A few weeks ago, I was seated with a group of death-curious folks doing what death-curious folks do: talking about death and dying. Someone brought up a scientific study that has "proved" that the human spirit, soul, or our consciousness has a measured weight of 0.75 oz or about 21 grams.
WAIT, WHAT?
Why hadn’t I heard about this story? I mean if this was true, that a physician had actually measured the weight of the human soul, this would be one of the biggest scientific breakthroughs, right up there with vaccines, gravity, and DNA!
So, being the natural-born healthy skeptic who’s open to many explanations, I decided to go deep and do a little investigation on this unusual study and its true results. Turns out there are lots of articles and discussions about this controversial theory.
You can’t have a study without some kind of a question. Back in the very early years of the twentieth century, in a small town outside of Boston MA, there practiced a physician, Duncan MacDougall, who hypothesized that if humans had souls, those souls must take up space. And if souls take up space, well, they must weigh something. So he devised an experiment to test this hypothesis.
But before we go there, let’s just consider what was happening in the world of science back then. Science was very different than it is today. What was considered “good” science wouldn’t fly today. Today, the science community has strict, practical, and ethical guidelines that just wasn’t considered back then. Subject samples have to be well informed and provide consent to participate in a study. Sample sizes must be statistically large enough to reflect a population. Treatment of subjects must be considered humane whether animal or human. Data must be recorded with honesty and integrity. The results must reflect the true findings regardless of if it supports the hypothesis or not, and the study must be reproducible for others to conduct.
Another thing we should consider for this discussion is what was going on during this time period, which is really interesting. This time period was the end of what was known as the Victorian Era (1820-1914). What’s critical to know about this time period is that there was great interest in Spiritualism which included seances, medium and psychic work, table tipping, and channeling. So it is not surprising that science would step into the ring in an area of such interest. I mean, imagine if you could scientifically prove that humans have a definitive soul that could be measured!
In MacDougall’s own words published in the medical journal, American Medicine, “The essential thing is that there must be a substance as the basis of continuing personal identity and consciousness, for without space-occupying substance, personality or a continuing conscious ego after bodily death is unthinkable.” So we can see where he may be leaning.
Let’s take a look at the experiment itself.
MacDougall teamed up with Dorchester's Consumptives' Home, a charitable hospital for people with late-stage tuberculosis, which at that time was incurable. MacDougall built a large scale, capable of holding a cot with a dying tuberculosis patient. Tuberculosis was a convenient disease for this experiment, as MacDougall explained in his paper, because patients died in "great exhaustion" and without any movement that would jiggle his scale.

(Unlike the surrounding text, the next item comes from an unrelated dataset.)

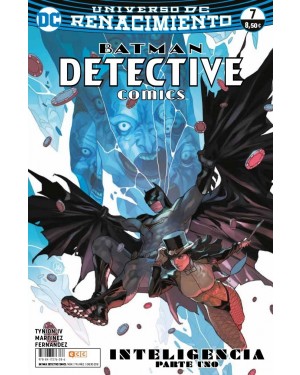 BATMAN: DETECTIVE COMICS 07 (Renacimiento)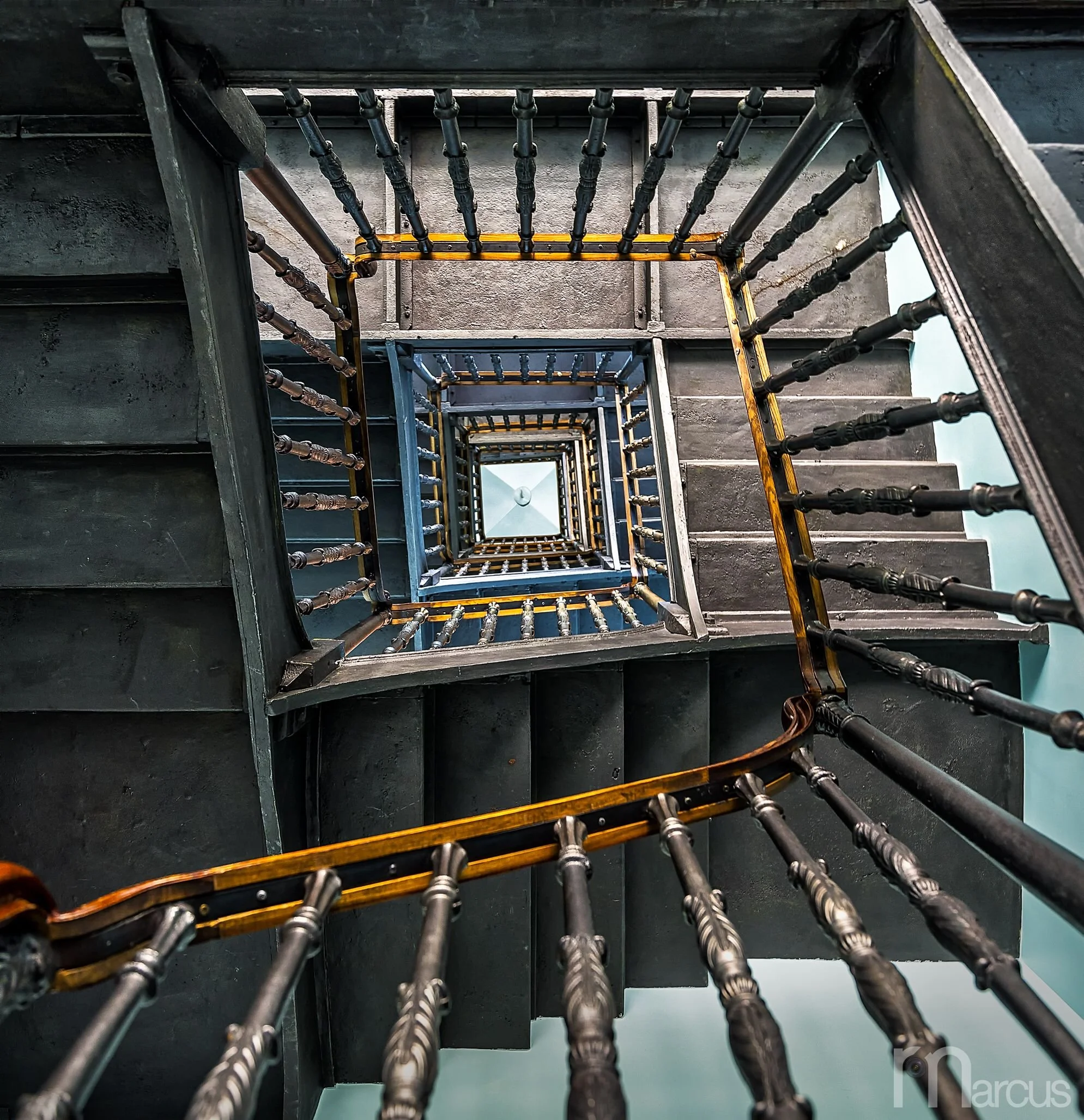 vertigo stairs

His sample size started with just 6 individuals.
The first patient to successfully die on the MacDougall scale appeared to loose .75 oz or 21.2 grams at the time of death. It should be noted that he did take into account other known bodily changes after death such as urine and fecal loss.
The second patient MacDougall recorded had a loss of 0.5 ounces (14 grams) 15 minutes after he stopped breathing.
His third case showed an inexplicable two-step loss of 0.5 ounces and then 1 ounce (28.3 g) a minute later.
There didn’t seem to be any consistent data, yet it appeared that he had taken the results from the first death and disregarded the results from the other deaths.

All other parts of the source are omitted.